> [SUPPLIED MATERIAL]:
====================
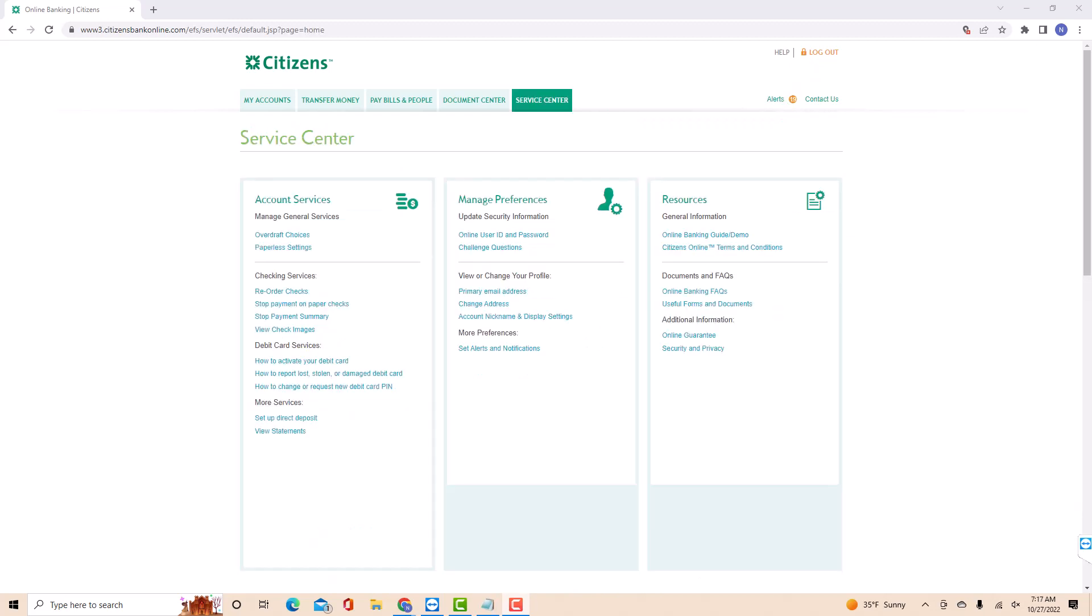Under Manage Preferences, you will see an option for online user ID and password. Click on Online User ID and Password.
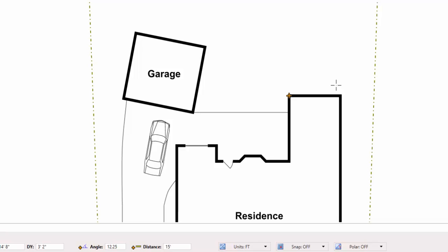You can also get continuous measurements. So I'll start the measurement command again. And if I snap here onto the back two corners of this segment of the house, you'll see it's 16 units, or in this case, 16 feet.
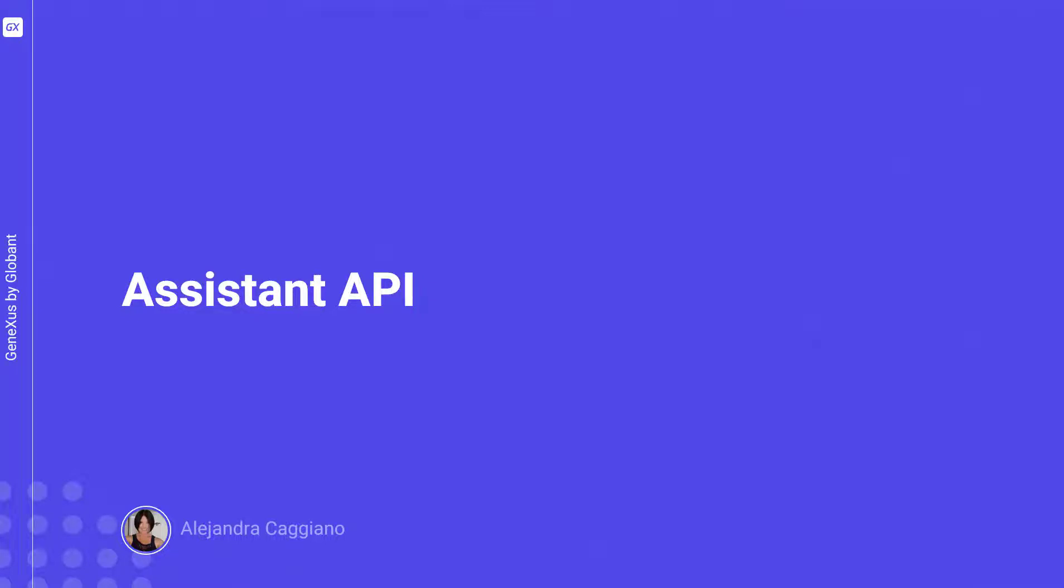Within the set of available APIs, GeneXus Enterprise AI offers one to create new assistants, modify their definitions, and retrieve their information.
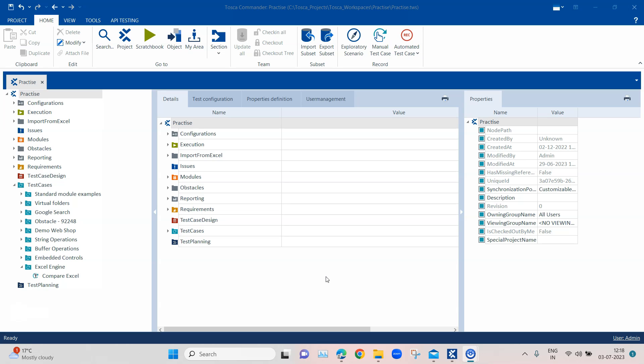In tools like Selenium you need to use different libraries to access, open, or compare different Excel files. But Tosca already provides all of these in the standard subset as modules. There are different modules to access different Excel files - you can steer them, open them, create entries, or save them. You can perform all operations with respect to Excel files using the modules present in the standard subset, which are part of the Excel Engine in Tosca.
====================
Pictures are to be omitted; otherwise, every line from the first line of the listing through the line containing "Within the set" must be reproduced exactly, both ends included.

Under Manage Preferences, you will see an option for online user ID and password. Click on Online User ID and Password.
You can also get continuous measurements. So I'll start the measurement command again. And if I snap here onto the back two corners of this segment of the house, you'll see it's 16 units, or in this case, 16 feet.
Within the set of available APIs, GeneXus Enterprise AI offers one to create new assistants, modify their definitions, and retrieve their information.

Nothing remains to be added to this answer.